Control Panel | System Properties | Performance Tab
File System Button Troubleshooting Tab
Check the *Disable write-behind caching for all drives* box.
Leave this checked while trying the rest of the solutions. Uncheck when done.
File System Button Removable Drive Tab
Uncheck *Enable write-behind caching on all removable drives* box if checked.
Leave this unchecked while trying the rest of the solutions. Check when done if desired
Graphics button
Set hardware acceleration to None and test. If that works, move it up a notch at a time

Couple of things the article doesn't mention:
IRQ Steering: If present, uncheck *Get IRQ Table using ACPI BIOS* with *Use IRQ Steering* checked

Right next to IRQ Steering tab is a Settings tab. Change *Device enumeration* from *Use Hardware* to *Use BIOS*
Toggle the BIOS PnP OS setting (wording will vary, Yes/No, Win95/Other Win9x/NT)
There should also be a setting for Reset Configuration Data; set this to Yes/Enabled when changing PnP OS setting. This will force the BIOS to re-enumerate the hardware.
Try all 4 possible combinations of *Device enumeration* and BIOS PnP OS

The PC will have either APM or ACPI support.
For APM PCs

In Device Manger | System | Advanced Power Management Support | Settings
There may be an Enable Power Management check box, it may be in Control Panel | Power management (as Enable APM), or it may not exist. Make sure it is enabled when testing these next two (try them one at a time:
Check the *Force APM 1.0 mode* box if present.
Check the *Disable power status polling* box if present

If both the BIOS and Win98SE have an Enable APM/Enable Power Management setting, try it in all 4 possibilities

ACPI
If both the BIOS and Win98SE have settings to enable/disable, try all 4 possibilities
If the BIOS is ACPI but Win98SE shows APM, you may need to re-install using setup /P j to enable ACPI support.
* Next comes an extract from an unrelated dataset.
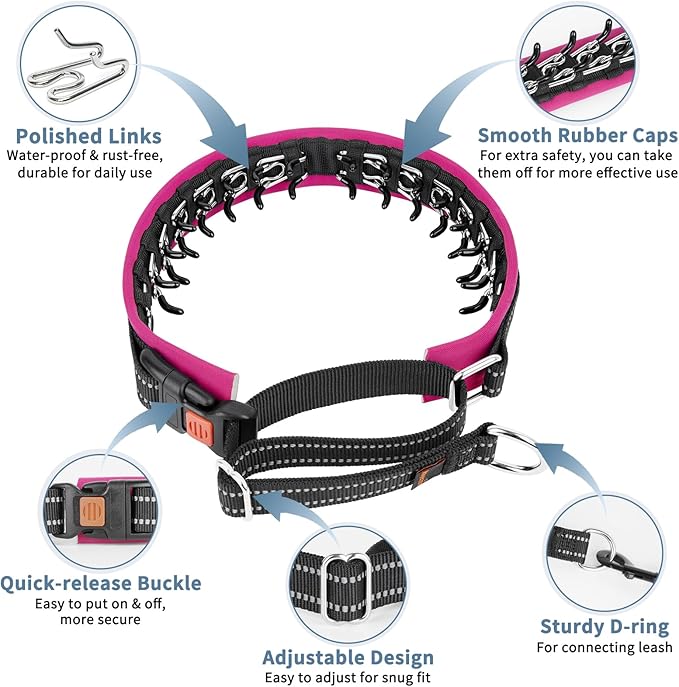 Mayerzon Martingale No Pull Collar for Medium Large Dogs, Patented Anti Pull Dog Collar with Buckle for Walking Training, with Neoprene Padding and Reflective Stitching, Adjustable(Hot Pink Trim, L)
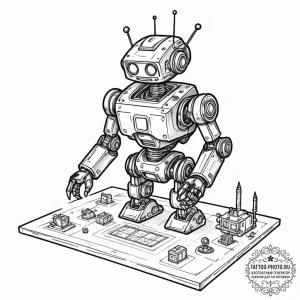 Tattoo sketch, quirky robot architect, a smal... - эскиз тату (№1752506334_0, 14.07.2025 15:18) — tattoo-photo.ru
It may have been turned off in the BIOS when Win98SE was installed, or it just wasn't detected properly

Also, check the BIOS for anything relating to PCI Interrupt with choices of *Edge Triggered* and *Level Triggered*.
PCI should be *Level Triggered*
If there is a setting for *PCI Busmaster*, toggle it.

I have an old K²6 system with a similar problem, except it's Win2K that reboots; Win98SE shuts down just fine.

HTH

Jerry


----------



## Jeffair10 (Jul 15, 2006)

Yea this thing has ACPI, no APM, both in the BIOS and the OS

I have removed all cards and no change

The prob is that it does not hang or do anything like that, it promptly reboots every single time - nothing random, every time, like clockwork

I think that the BIOS is wanting Windows 98SE to do the same "shutdown string" as regular win98, and obviously that isn't going to happen. I think this because it is my experience that reg win98 displays the "It is safe to shut off the computer" screen upon shutdown, and win98SE actually shuts the computer down - i.e. powers it off. 
So in my case, when shutdown is selected, the BIOS wants to clear the cache and end user stuff and simply display the "Safe" message. Yet the OS (Win98SE) is actually trying to shut the power off to all components after clearing the cache, etc. 
Furthermore is the fact that it does display the "Safe" message when shutdown from safe mode - a tale telling sign that the BIOS is not getting the power down instructions from the OS when in safe mode......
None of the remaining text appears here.